Konzert auf den Originalsaiten des Großvaters
Der Musiker kann nicht sagen, ob die Geige an jede Station mitgewandert ist. Auf jeden Fall hat sie Australien erreicht, um nach 20 Jahren, die sie nach dem Tod des Großvaters im Schrank gelegen hatte, vom Enkel wiederentdeckt zu werden – drei der Saiten sind sogar noch von seinem Großvater gespielt worden.
Das Konzert war am Abend zuvor schon Anlass für ein Gespräch über jüdisches Leben in Brandenburg und jüdische Musik im evangelischen Gemeindehaus von Lindenberg in der Reihe „Lindenberger Gespräche“, die von der Landeszentrale für politische Bildung unterstützt wird. Organisator und Moderator war Fritz Habekuß, aus Lindenberg stammender Redakteur der Wochenzeitschrift „Die Zeit“.
„Musik kann Geschichten in allen Sprachen erzählen“
Daniel Weltlinger hatte dabei in Jalda Rebling eine kongeniale Gesprächspartnerin. Die jüdische Kantorin und der Geiger kennen sich bereits seit einigen Jahren, beide eigen ist die Liebe zur Musik.

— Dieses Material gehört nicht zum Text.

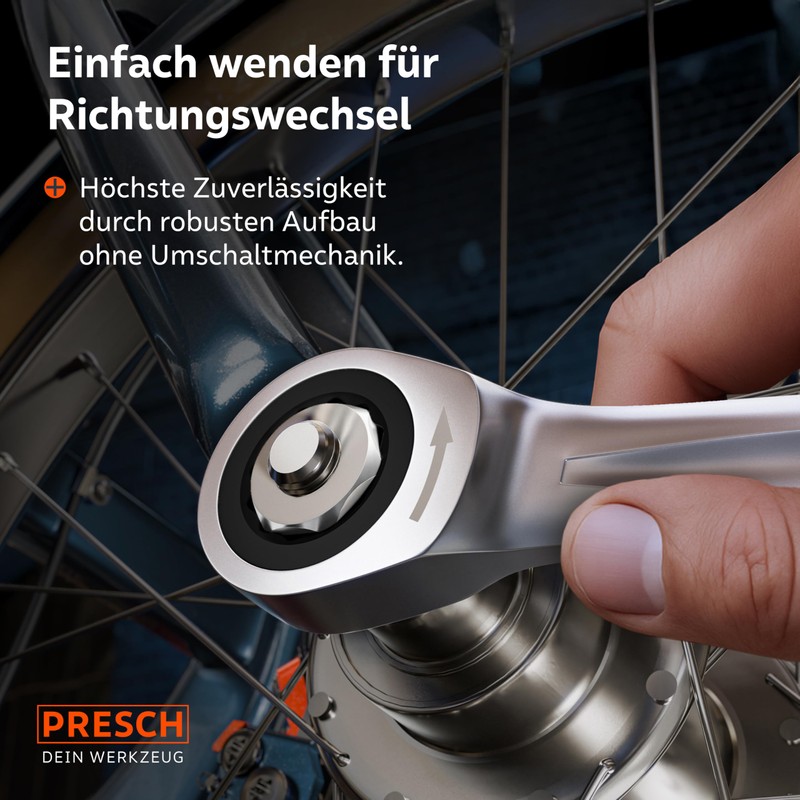 PRESCH Ratchet Wrench Set 5 Pieces (8, 10, 13, 17,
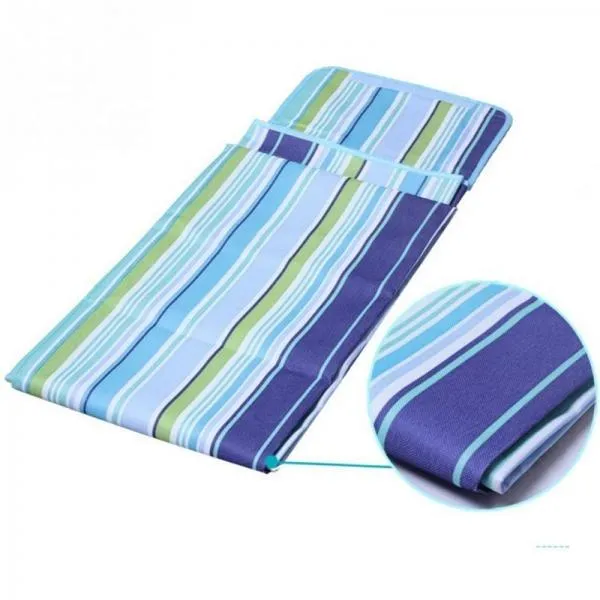 Outdoor Waterproof Camping Picnic Beach Mat Moistureproof Folding Mat Blanket 200x145cm Blue Stripe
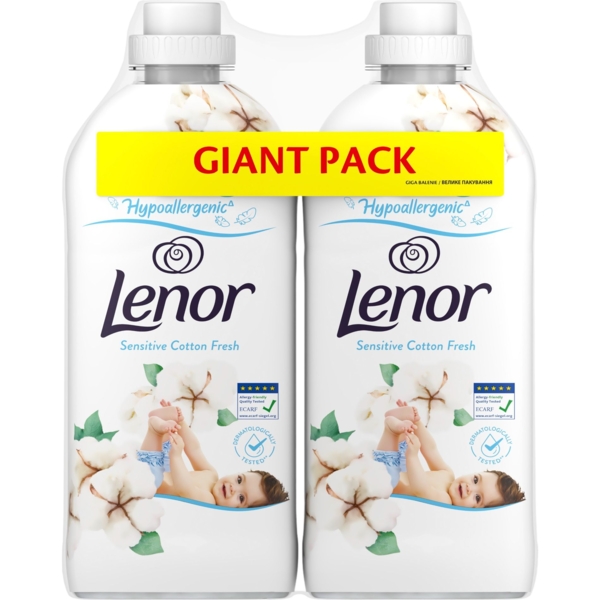 Кондиціонер для білизни Lenor Свіжість бавовни (2x1200 мл) 2400мл - Pampik - 2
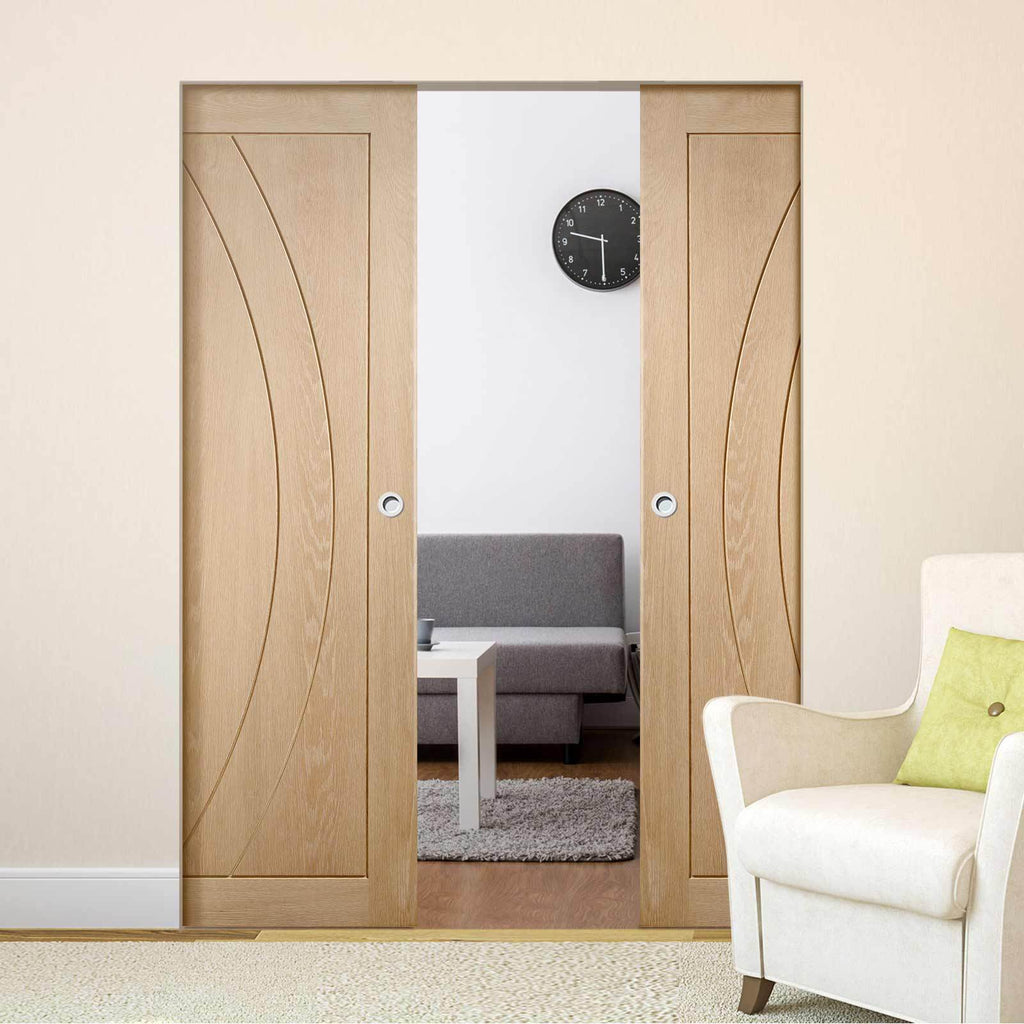 Bespoke Salerno Oak Flush Double Frameless Pocket Door - Prefinished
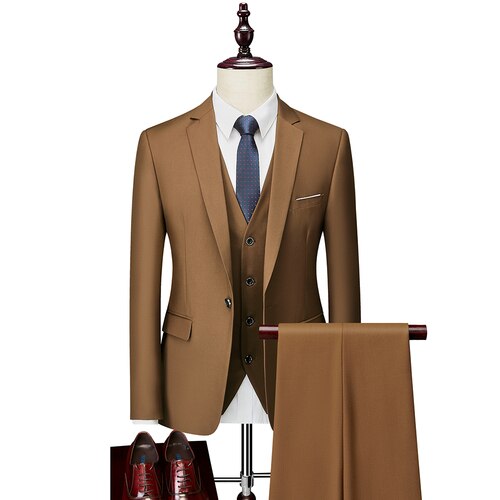 3 Pcs Suits Set Blazers Jacket Pants Vest Fashion New Men Casual Boutique Business Plaid Slim Dress Formal Coat Trousers MS11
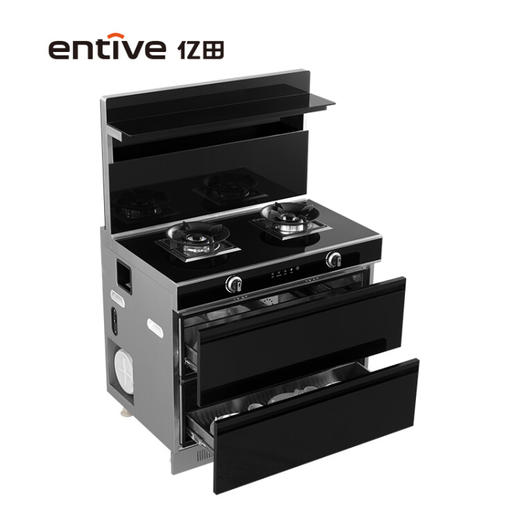 亿田（entive）ZM903X集成灶 保洁烘干柜 大容量烘干碗柜 集成灶一体灶家用防护 钢化玻璃台面 （天然气) 商品图2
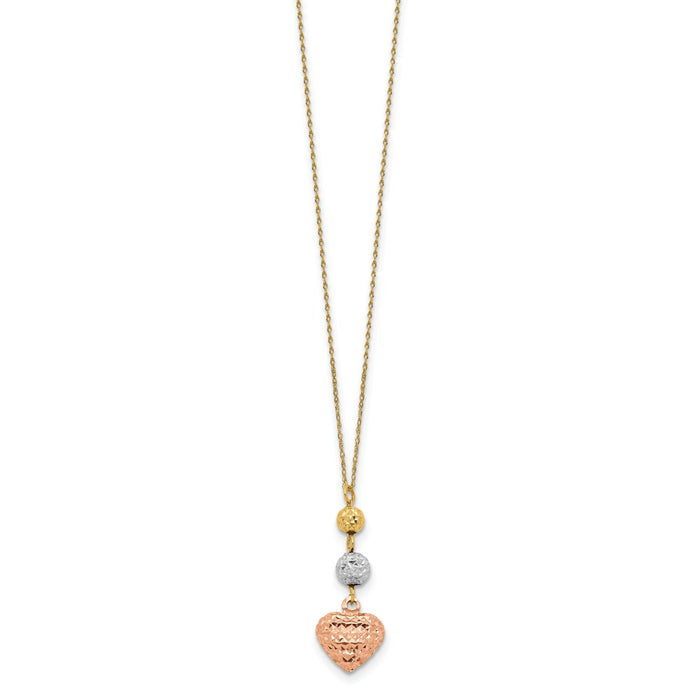 14K Tri-color Ropa Diamond Cut Beads & Heart w/ 2in Ext Necklace-SF2049-16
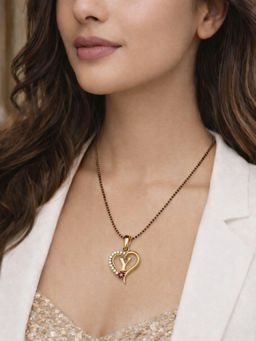 Digital Dress Room - Y Letter Multi-Color Heart Short Gold Plated Mangalsutra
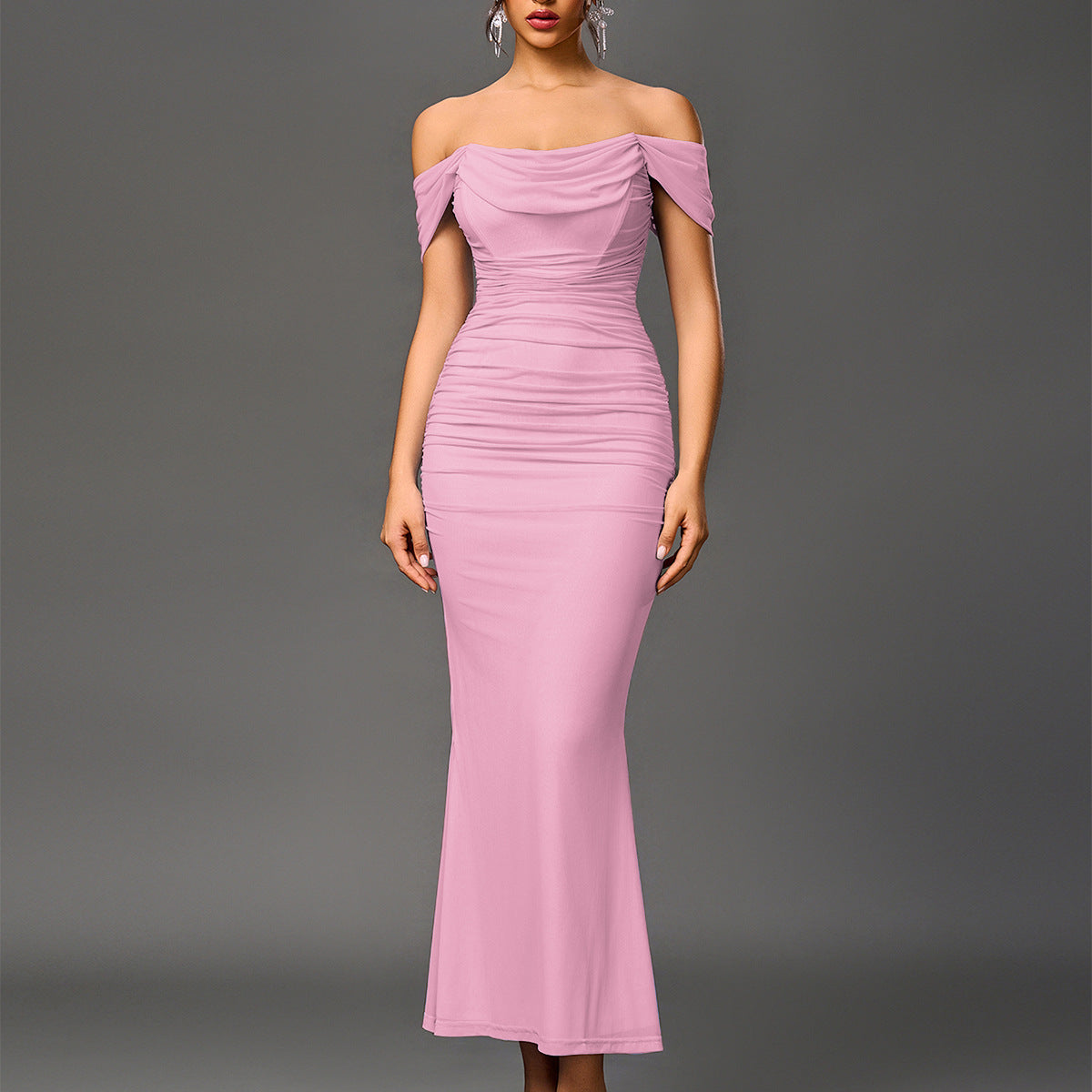 Elegant off-shoulder backless mermaid dress for women | Seraphine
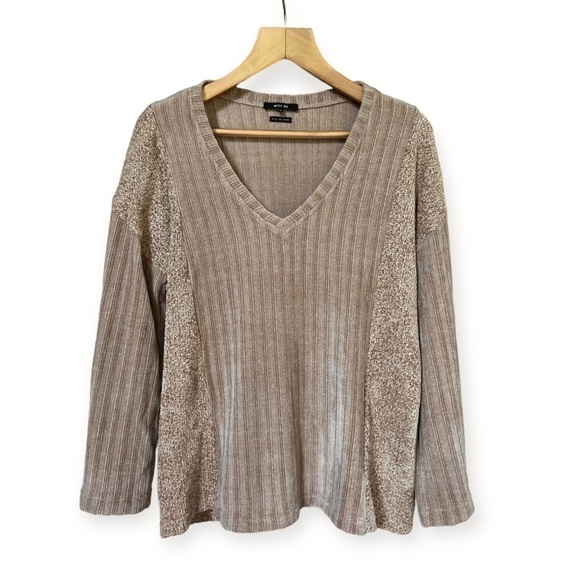 Miss Me Sweaters - Miss Me Taupe / Dusty Rose Soft Knit Chenille V-Neck Oversized Sweater, Small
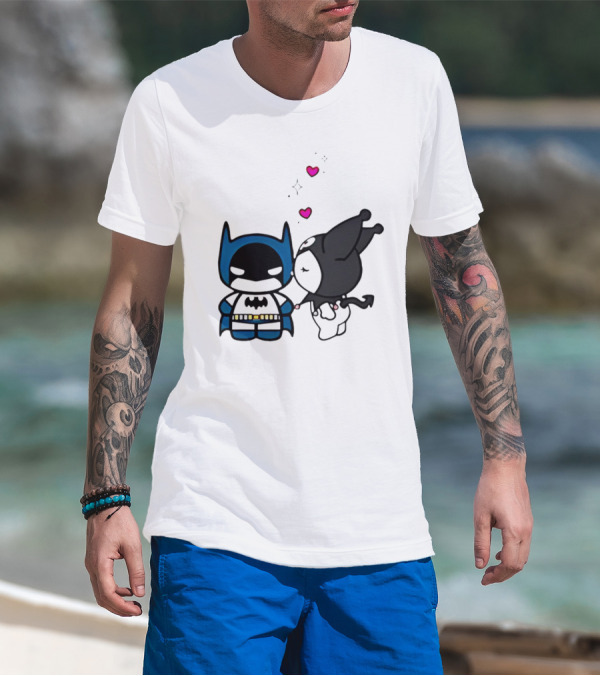 Batman Kuromi Kiss Cartoon With Hearts T-Shirt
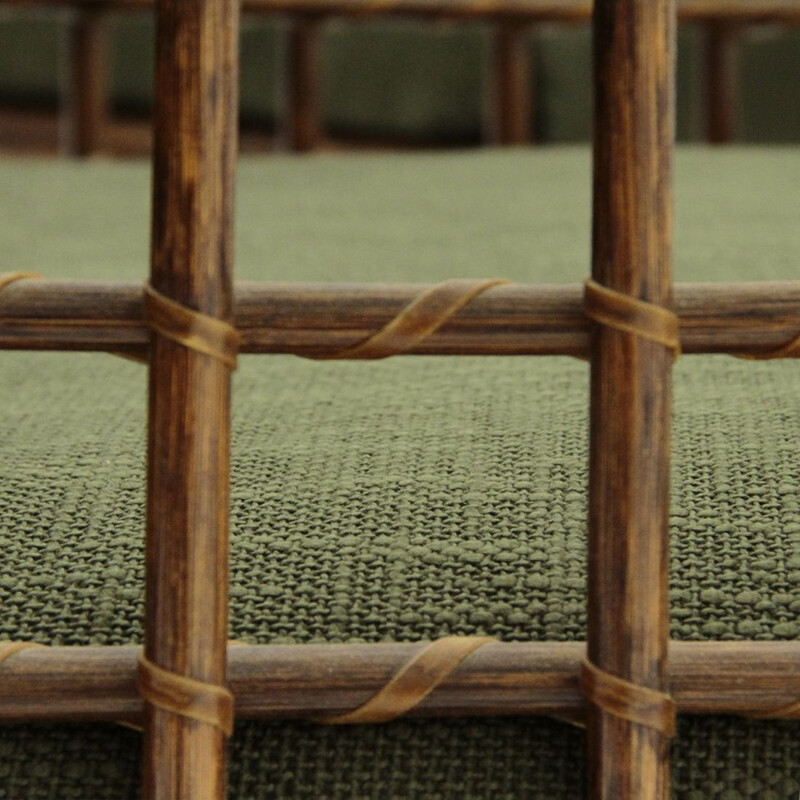 2 italian armchairs and sofa in woven rattan and green fabric, 1970s
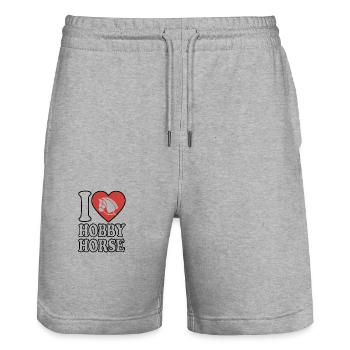 I Love Hobby Horse - Herz - Hobby - Stanley/Stella Unisex Bio Joggingshorts Trainer  - Grau meliert - Vorne - Nik (191cm) & Marisol (170cm)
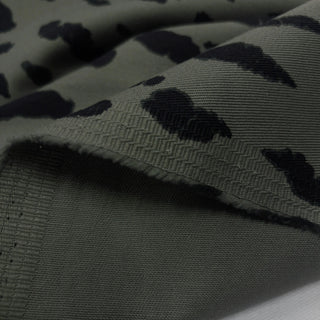 Japanese Designer Camouflage Green Stretch Cotton Elastane Blended Denim Twill DS006123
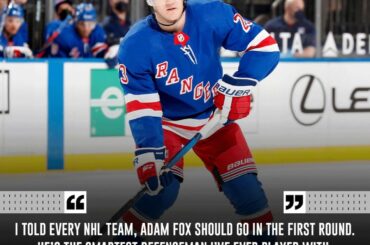 Après avoir joué ensemble pour @USAHockey, Clayton Keller savait qu'Adam Fox était une spécia...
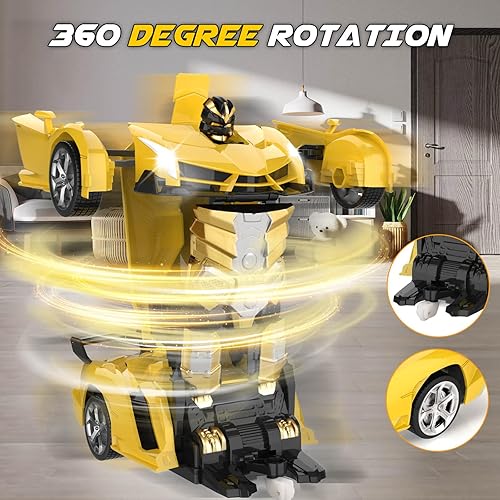 Miniatura 14 de Auto transformador a control remoto, transformación con un botón, rotación de 360°, escala 1:18 de 2.4 GHz, regalo para niños y niñas de 4 a 6 años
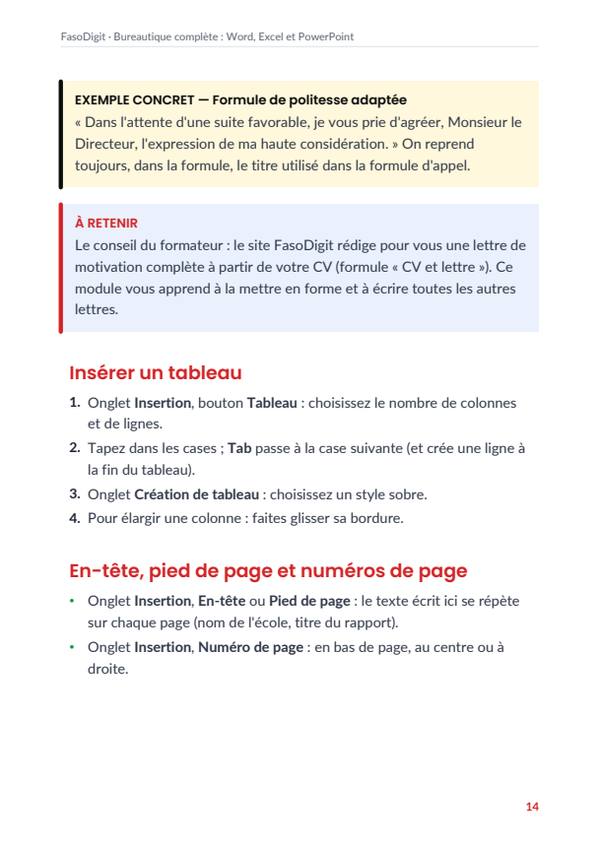 Page d'exemple du guide Bureautique complète : Word, Excel et PowerPoint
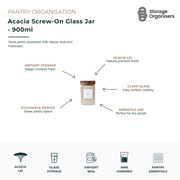 900ml acacia screw-on glass storage jar with airtight seal and premium acacia wood lid, designed for organising pantry staples such as sugar, rice, flour, pasta, grains, coffee, tea, and dry foods. Features clear glass construction for easy content visibility, stackable space-saving design, secure screw-on closure to maintain freshness, and a natural timber finish that complements modern pantry organisation and kitchen storage systems.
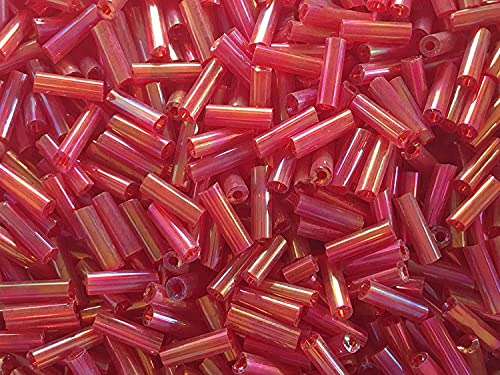 Czech Bugle Beads 40 gr / 1.4 oz Glass Tube Size #3 7mm (Red Iridescent) - color: Red Iridescent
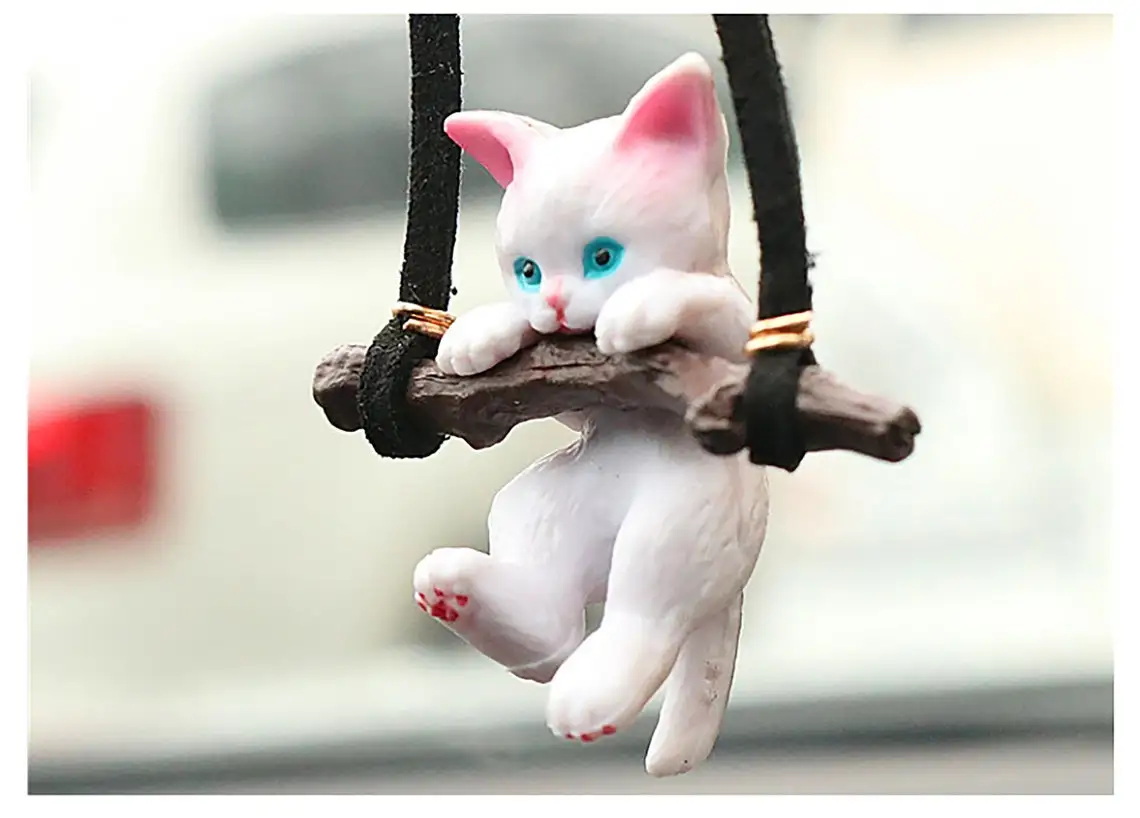Resin Cute Cat Rearview Mirror Car Accessories Creative Pendant Auto Parts Decoration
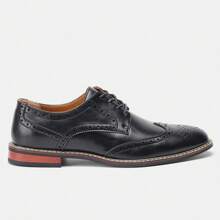 Men's Brogue Business Shoes, Embossed Leather Uppers Vintage Style, Wooden Heel Rubber Outsole, White Stitching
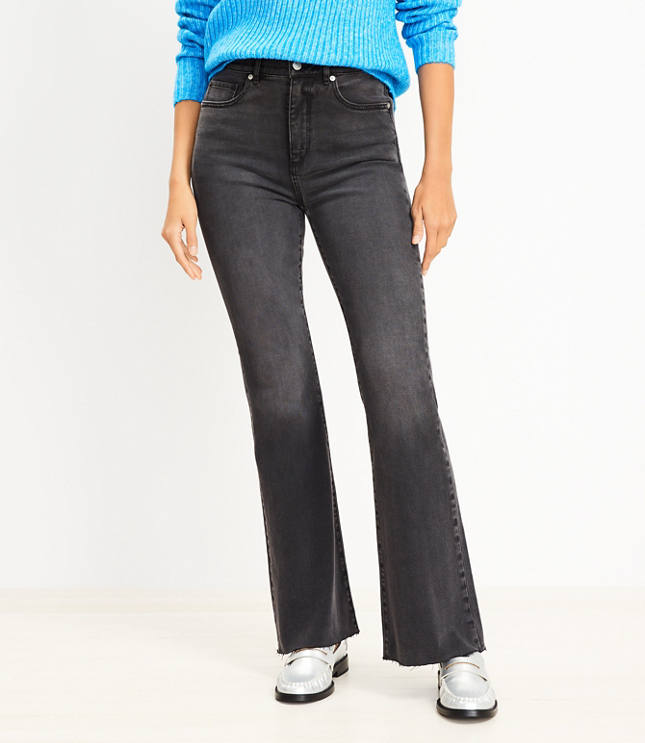 Fresh Cut High Rise Slim Flare Jeans in Washed Black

„Was kann Musik, was Worte nicht können?“ fragte Fritz Habekuß. „Musik kann Geschichten in allen Sprachen erzählen“, antwortete Jalda Rebling, die bei der Veranstaltung auch gemeinsam mit Daniel Weltlinger musizierte. Es gibt nicht die eine jüdische Musik – sie ist immer von der Umgebung geprägt, in der sie gespielt wird, in Russland klingt sie russisch, in Marokko marrokanisch.
Die neue Erfahrung, angekommen zu sein
Jalda Rebling und Daniel Weltlinger, der zum vierten Mal in Lindenberg war, teilen auch eine weitere Lebenserfahrung: „Ich war eines der Kinder, das zu Hause eine andere Kultur gelebt hat als auf der Straße“, sagt Jalda Rebling.
Für Jalda Rebling ist erst spät in Brandenburg, wo sie seit einiger Zeit lebt, ein Wunder passiert. „Diese Erfahrung, dass wir hier angekommen sind, ist völlig neu für mich“, sagt sie. In Amsterdam geboren, hat sie große Teile ihres Lebens im Osten Berlins verbracht, immer notgedrungen, wegen der Mama, später wegen der Kinder.
Beim Studium in den USA begriff sie, wie europäisch sie denkt – und was es heißt zu trauern. „Wir haben alle nicht trauern gelernt“, sagt sie über die Zeit nach dem Holocaust für in Europa lebende Juden. Sie habe „in einem Haus mit lauter Seelen gelebt, die nicht wiedergekommen sind“.
„Israel ist für uns eine Lebensgarantie“
Als die Rede bei Fragen aus dem Publikum kurz auf den Staat Israel kam, schlug die zuvor fast harmonische Stimmung beinahe kurz um. Tenor einer Frage: Man könne Israel aus Deutschland heraus nicht kritisieren, ohne direkt in die Antisemitismus-Ecke gesteckt zu werden.
„Man muss das eine mit dem anderen diskutieren, weil Israel für uns eine Lebensgarantie ist“, sagte Jalda Rebling. Niemand, der danach geboren ist, sei schuld am Holocaust und müsse sich dafür schuldig fühlen, sie behaupte das auch nicht.
Wichtig ist Daniel Weltlinger und Jalda Rebling, nicht nur als Juden und unter dem Aspekt des Judentums wahrgenommen zu werden: „Wir sind Menschen, genau wie andere Menschen auch“, so Jalda Rebling.